La variété des races et des religions de l’empire doit naturellement donner à l’armée russe moins d’unité, moins de cohésion qu’à beaucoup d’autres armées européennes, qu’à l’armée française en particulier. C’est là un fait incontestable ; près d’un quart des soldats rangés sous les aigles russes ne se donnent point à eux-mêmes le nom de Russes. Il ne faudrait pas croire pour cela que les armées du tsar fussent un amas confus et hétérogène de peuples divers, sans autre lien que les chaînes de fer de la discipline. La Russie à cet égard diffère entièrement de l’Autriche-Hongrie.
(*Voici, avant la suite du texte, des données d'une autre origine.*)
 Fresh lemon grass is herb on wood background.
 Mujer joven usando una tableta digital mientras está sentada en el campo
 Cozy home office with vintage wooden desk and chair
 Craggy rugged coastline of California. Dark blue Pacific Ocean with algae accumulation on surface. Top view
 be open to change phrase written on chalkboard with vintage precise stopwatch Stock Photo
Dans l’armée comme dans l’état, le groupe russe orthodoxe forme une masse assez compacte, assez puissante pour se subordonner tous les élémens secondaires et imprimer à l’ensemble un caractère d’unité et de cohésion. L’armée russe est une armée nationale. Il est des populations frontières qui, en cas d’invasion, pourraient faire à l’ennemi un bienveillant accueil ; il n’est probablement aucune tribu qui, sur le champ de bataille, déserterait les aigles impériales.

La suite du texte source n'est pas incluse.